EXERCISE BRIEF: Your answer must be the lines from the one containing "Puede incluir: Un" through the last line of the records below, copied exactly, with the pictures left out.

RECORDS TO PROCESS:
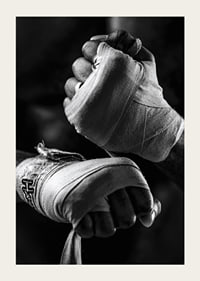 Black and white close-up of hands tied with boxing bandages-5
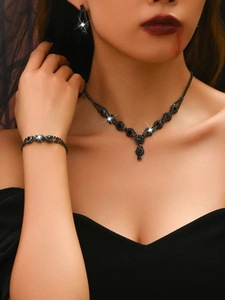Gothic black jewelry set with necklace and earrings on a model for Halloween cosplay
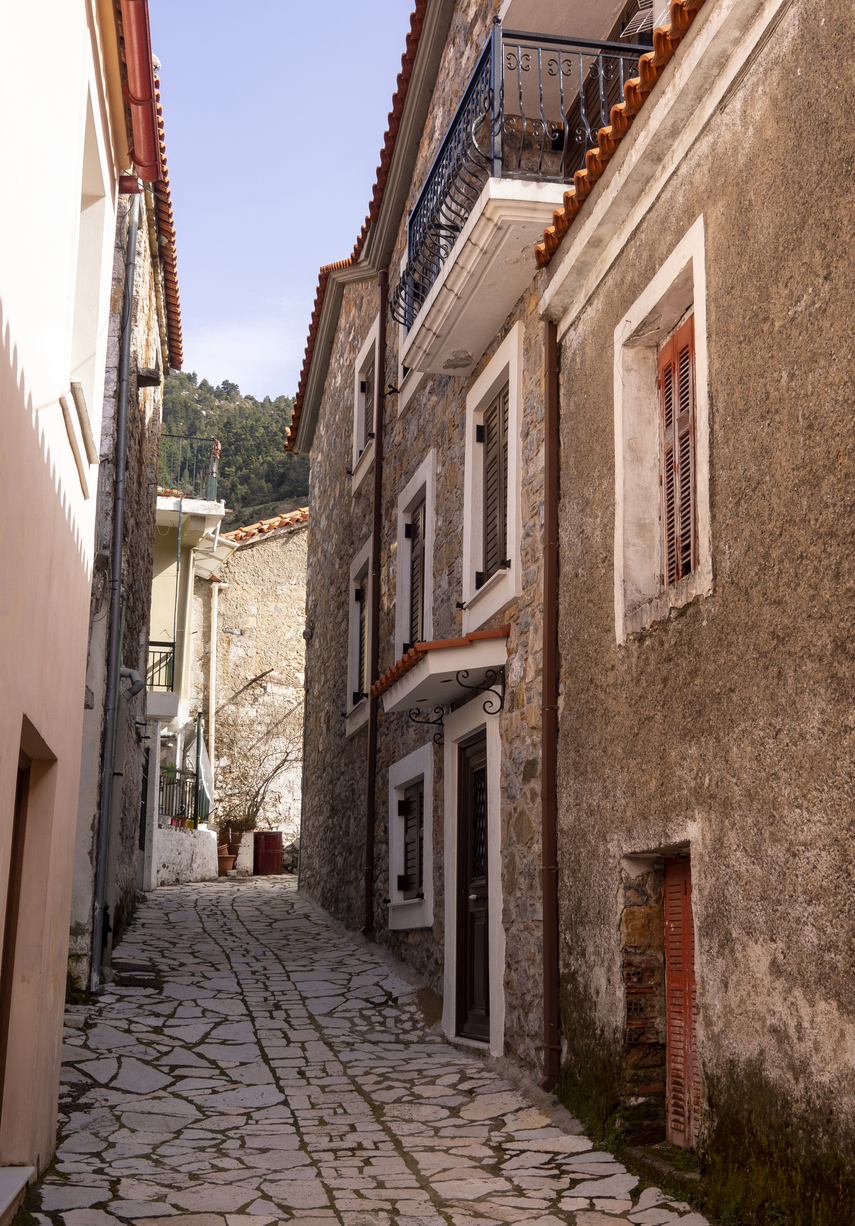 The narrow streets of a Greek village Steni by the mountains Dirfys on the island of Evia , Greece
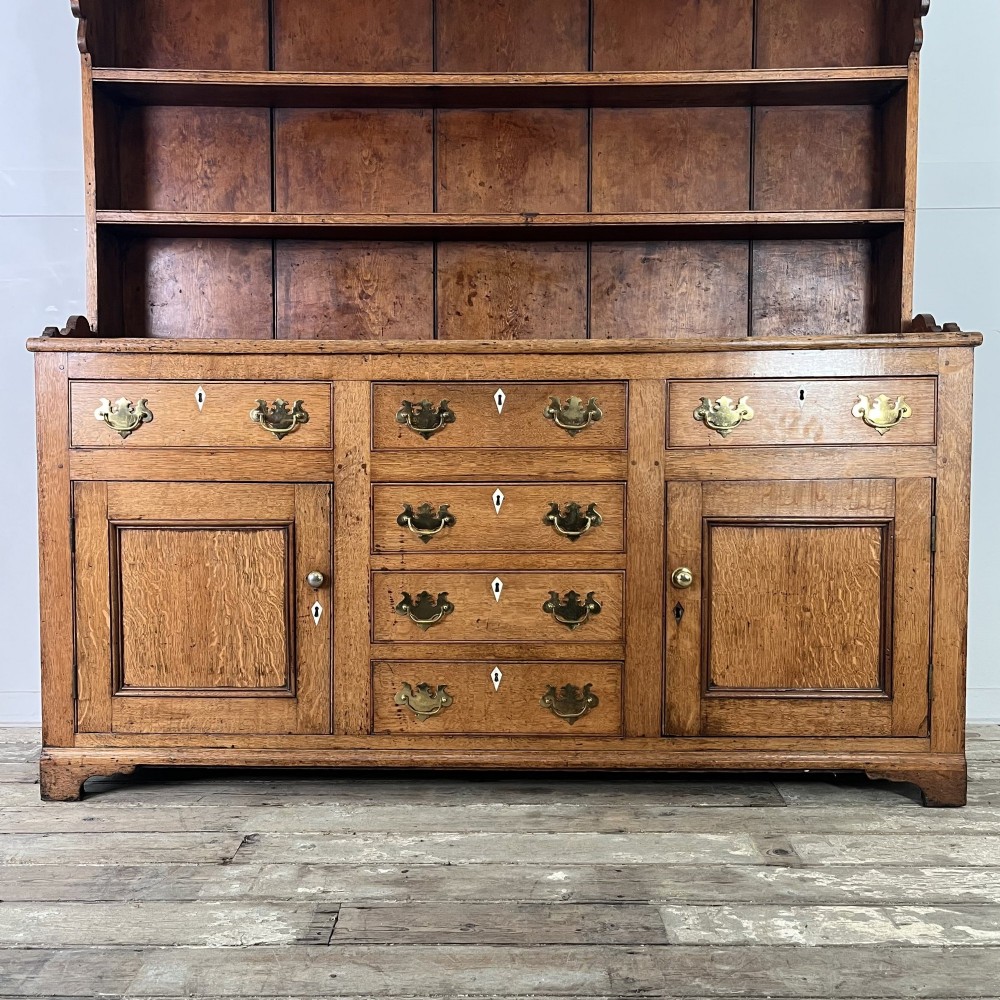 An early nineteenth-century oak kitchen dresser featuring an open upper plate rack over a base with central drawers and side cupboard doors with brass hardware. View IV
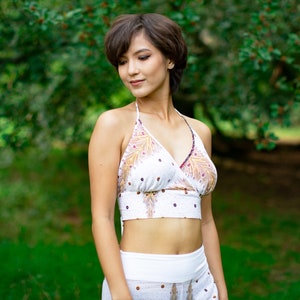 Puede incluir: Un top blanco de tirantes con estampado de plumas de pavo real de colores. El top tiene un escote en V y un cierre de nudo en la espalda.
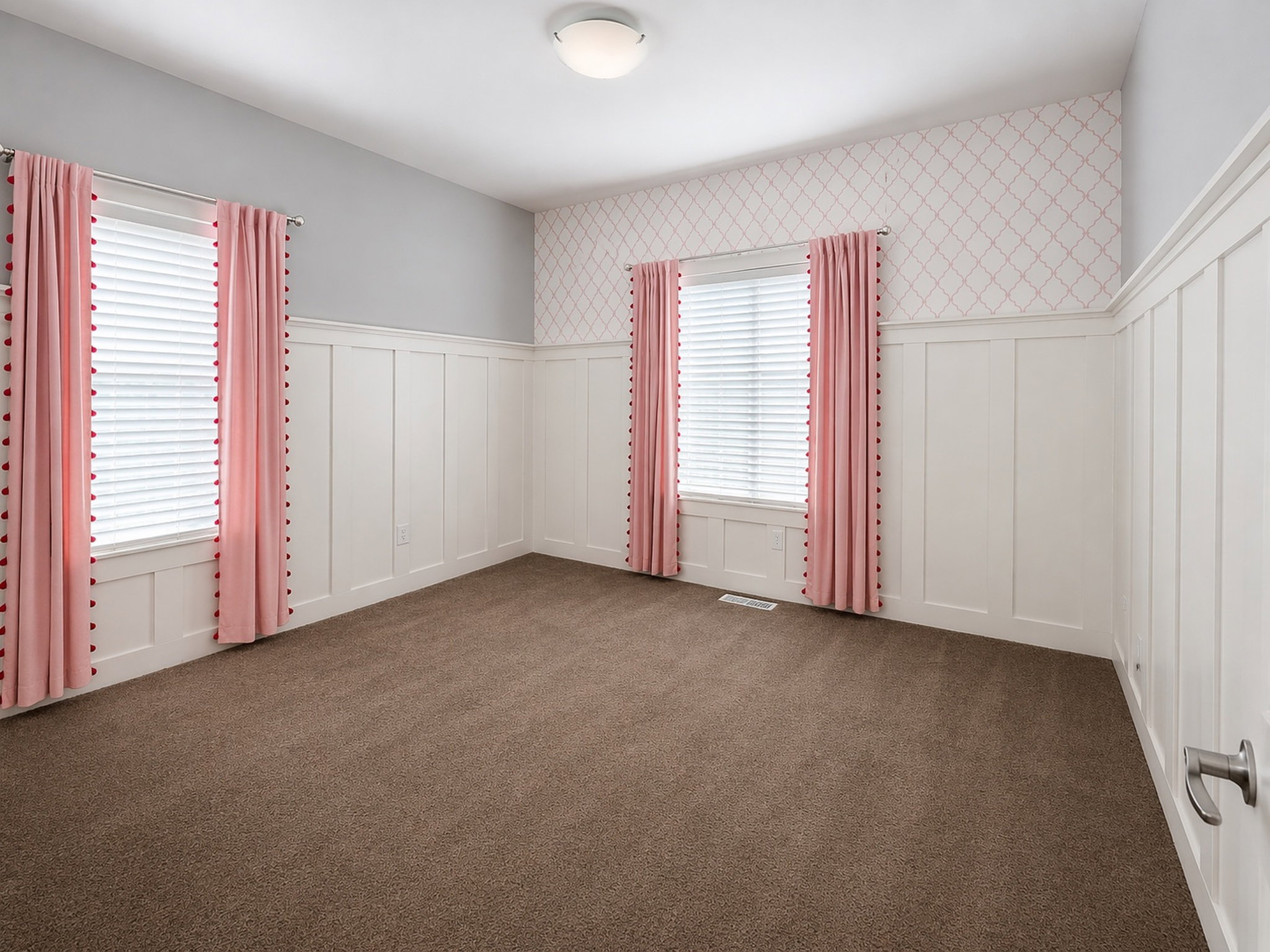 Unfurnished room featuring wainscoting, a decorative wall, and dark colored carpet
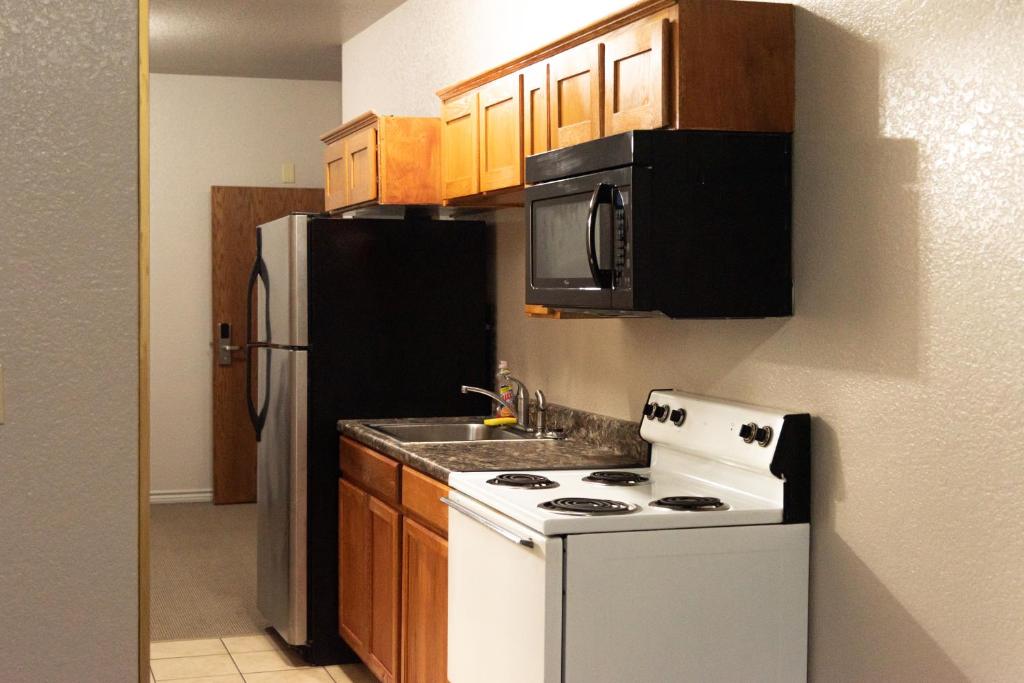 a kitchen with a white stove and a refrigerator at Premium Inn and Suites in Killeen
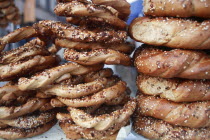 Poland, Krakow, Obwarzaneck,twisted rings of bread strewn with poppy sale for sale from street vendor's stall.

REPLY TO THE EXERCISE:
 Puede incluir: Un top blanco de tirantes con estampado de plumas de pavo real de colores. El top tiene un escote en V y un cierre de nudo en la espalda.
 Unfurnished room featuring wainscoting, a decorative wall, and dark colored carpet
 a kitchen with a white stove and a refrigerator at Premium Inn and Suites in Killeen
 Poland, Krakow, Obwarzaneck,twisted rings of bread strewn with poppy sale for sale from street vendor's stall.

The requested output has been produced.